(Dataset entries):
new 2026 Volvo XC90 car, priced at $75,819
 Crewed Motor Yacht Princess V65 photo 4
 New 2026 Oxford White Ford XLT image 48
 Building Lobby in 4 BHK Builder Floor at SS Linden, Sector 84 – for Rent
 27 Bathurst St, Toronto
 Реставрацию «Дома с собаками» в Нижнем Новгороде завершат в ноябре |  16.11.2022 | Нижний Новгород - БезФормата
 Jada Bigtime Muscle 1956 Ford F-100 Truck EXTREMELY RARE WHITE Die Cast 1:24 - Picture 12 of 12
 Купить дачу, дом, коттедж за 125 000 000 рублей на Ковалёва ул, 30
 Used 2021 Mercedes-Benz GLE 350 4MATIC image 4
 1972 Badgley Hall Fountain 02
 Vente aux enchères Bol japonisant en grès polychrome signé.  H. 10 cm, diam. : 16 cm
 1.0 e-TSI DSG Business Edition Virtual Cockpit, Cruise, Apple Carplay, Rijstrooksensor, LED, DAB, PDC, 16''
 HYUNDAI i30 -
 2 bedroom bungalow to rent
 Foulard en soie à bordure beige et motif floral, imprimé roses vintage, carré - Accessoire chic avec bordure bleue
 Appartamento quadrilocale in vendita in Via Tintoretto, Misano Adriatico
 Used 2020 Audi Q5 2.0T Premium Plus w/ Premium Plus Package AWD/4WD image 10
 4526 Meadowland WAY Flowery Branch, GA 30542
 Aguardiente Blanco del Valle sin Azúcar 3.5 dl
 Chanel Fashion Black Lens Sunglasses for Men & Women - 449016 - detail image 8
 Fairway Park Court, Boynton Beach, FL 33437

(Task to complete):
Only the lines from the one holding "Foulard en soie" through the final line of the entries, both included, should be given again, word for word.

(Expected output):
 Foulard en soie à bordure beige et motif floral, imprimé roses vintage, carré - Accessoire chic avec bordure bleue
 Appartamento quadrilocale in vendita in Via Tintoretto, Misano Adriatico
 Used 2020 Audi Q5 2.0T Premium Plus w/ Premium Plus Package AWD/4WD image 10
 4526 Meadowland WAY Flowery Branch, GA 30542
 Aguardiente Blanco del Valle sin Azúcar 3.5 dl
 Chanel Fashion Black Lens Sunglasses for Men & Women - 449016 - detail image 8
 Fairway Park Court, Boynton Beach, FL 33437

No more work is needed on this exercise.